Le drag a du mal à démarrer, encalminé depuis juin. La faute à la crise. Cependant, il faut foncer — daredare — au théâtre de champ-Fleuri : Cendrillon, de Joël Pommerat. Un chouchou du ministère à ne manquer sous aucun prétexte. Que lis-je ? Bernard Faille, directeur adjoint, a pleuré en voyant le spectacle ? Diable ! Et ce fichu moteur ! Pchitt, un coup de bombe magique et le dragster rugit, bondit et file au Ponant.

Enveloppé dans ma combi et casqué de mon intégral, je fonce dans la nuit. J’accélère et réfléchis. « Cendrillon » ? Est-ce raisonnable ? Pourquoi pas « Peau d’âne » ou les « Trois petits cochons » ? Ça m’intrigue : la direction des Téat départementaux, dans l’ombre du Ministère, est-elle tombée en enfance ? Car il s’agit bien de Cendrillon, l’orpheline renommée Sandra ou Cendrier par l’auteur – rires.
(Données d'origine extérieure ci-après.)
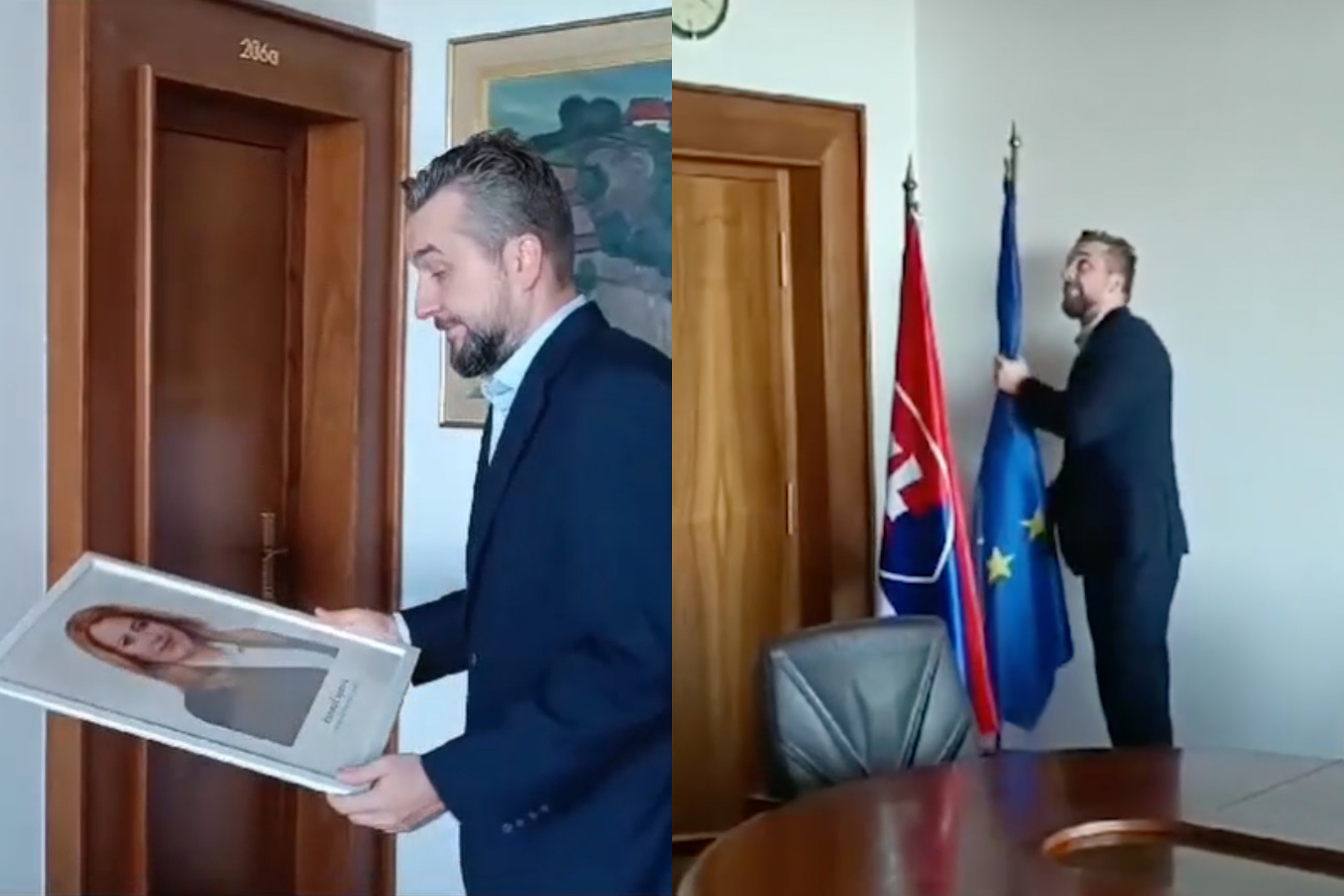 Blaha odstránil vlajku EÚ a portrét prezidentky odložil do skrine. Teraz ho chcú odvolať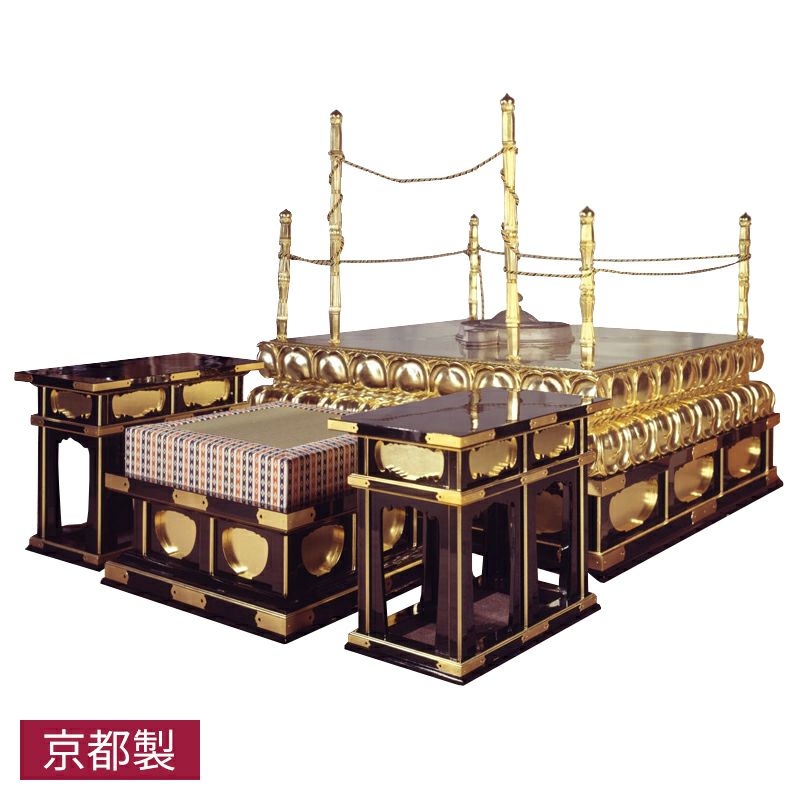護摩壇 東寺型 蓮華彫入 純金箔押 金具打 畳付 護摩壇横幅121cm | 寺院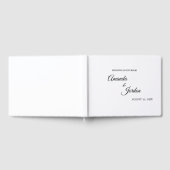 Eenvoudig zwart-wit Calligrafie-gastboek Gastenboek (Volledig)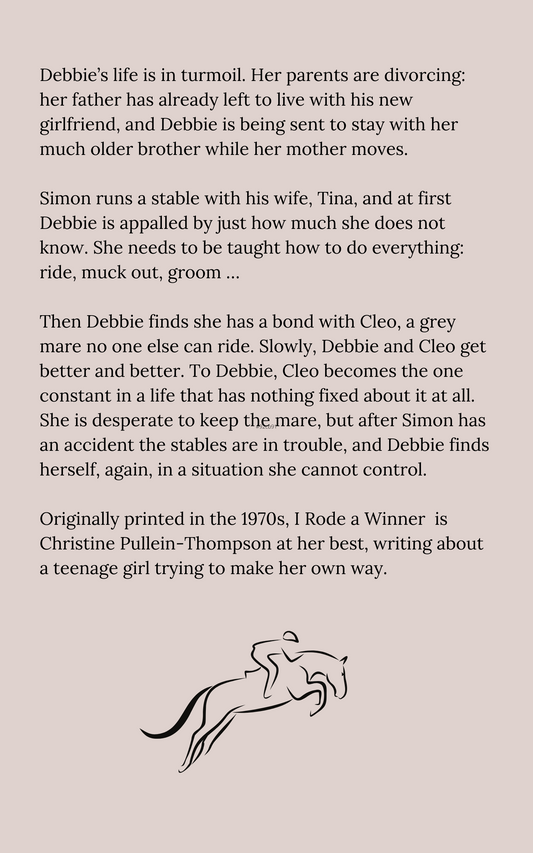 Christine Pullein-Thompson: I Rode a Winner (eBook pre-order, out 24 July 2025)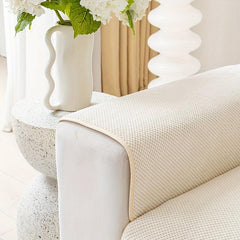1pc Sofa Slipcover Non-slip Couch Cover Pet Friendly Furniture Protector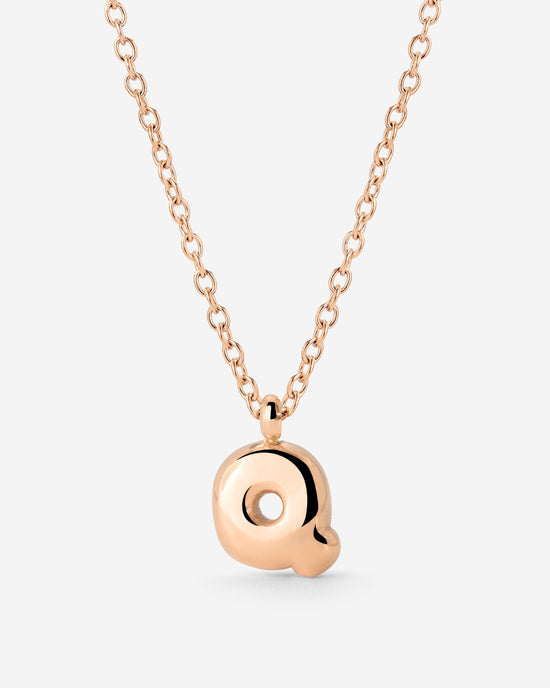 Bubble Letter Collana Oro Rosa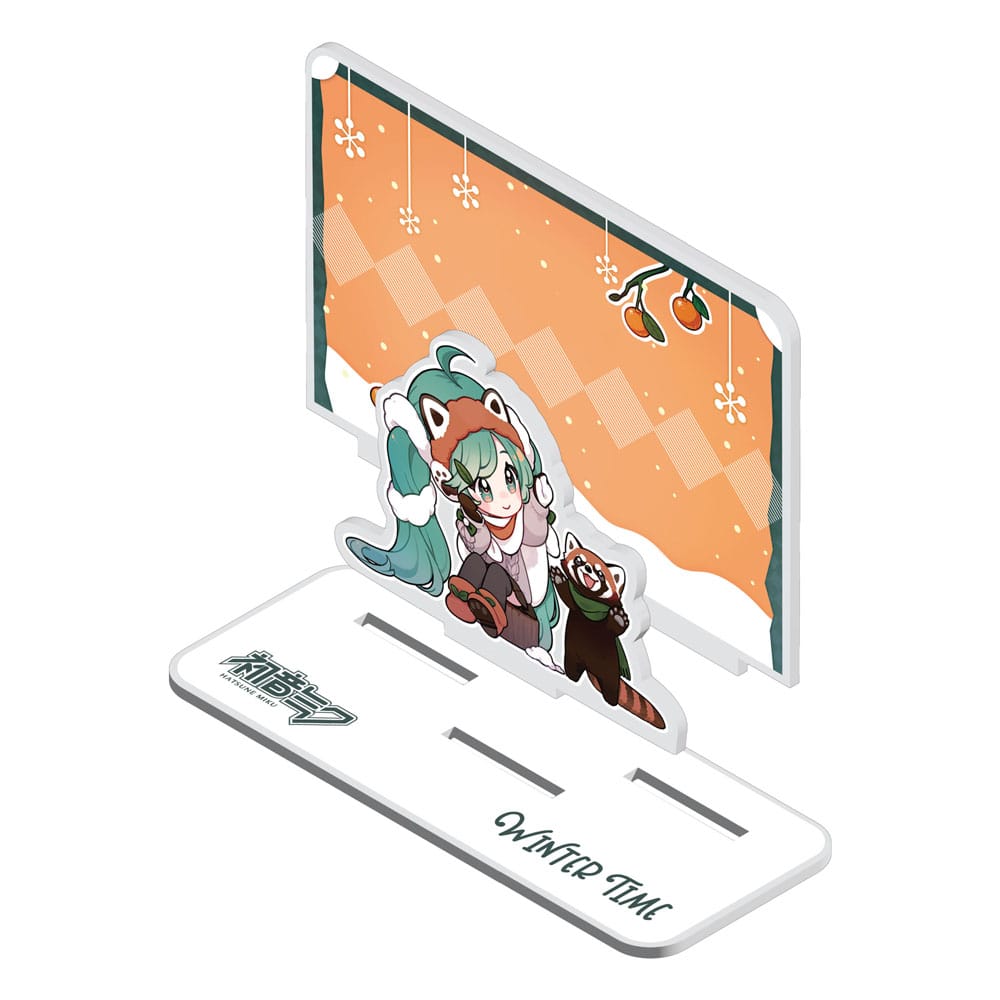 POPbuddies - Hatsune Miku - Acrylic Standee - Miku and Red Panda (Winter Time) (11cm)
Le décès de la maman, le remariage du père, la marâtre, les deux sœurs sipek, le prince. C’est bien le conte, modernisé, revisité. Oh pas tout à fait : par exemple il y a le Roi. Sur fond de techno et avec ses deux gardes du corps, il ressemble au prince de Monaco à l’entrée de son casino. Pommerat avait l’occasion de figurer un président – Mitterrand ? On serait resté en république et le récit y aurait gagné. Plus la vision de Mazarine enfant.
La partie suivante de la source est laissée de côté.